Word-for-word transcription: reproduce all of the data, but not the pictures.

» **Dataset section**

========================

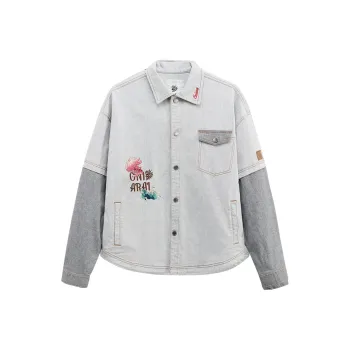 ONIARAI Shirts Men Denim Gray
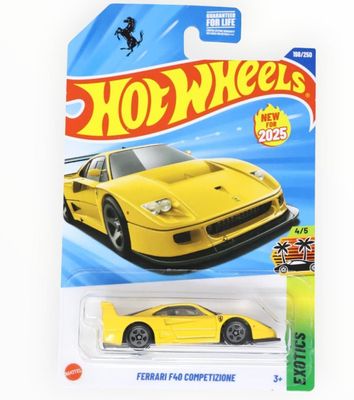 Ferrari F40 Competizione gul - Hot Wheels 1:64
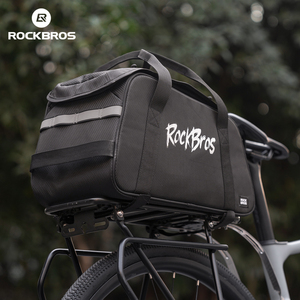 Sacoche de porte-bagages arrière étanche ROCKBROS - Sac de vélo pour VTT/vélo de route avec <span class=keywords><strong>housse</strong></span> de pluie pour les voyages en vélo en extérieur - Product Image 6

========================

» **Task solution**
 ONIARAI Shirts Men Denim Gray
 Ferrari F40 Competizione gul - Hot Wheels 1:64
 Sacoche de porte-bagages arrière étanche ROCKBROS - Sac de vélo pour VTT/vélo de route avec <span class=keywords><strong>housse</strong></span> de pluie pour les voyages en vélo en extérieur - Product Image 6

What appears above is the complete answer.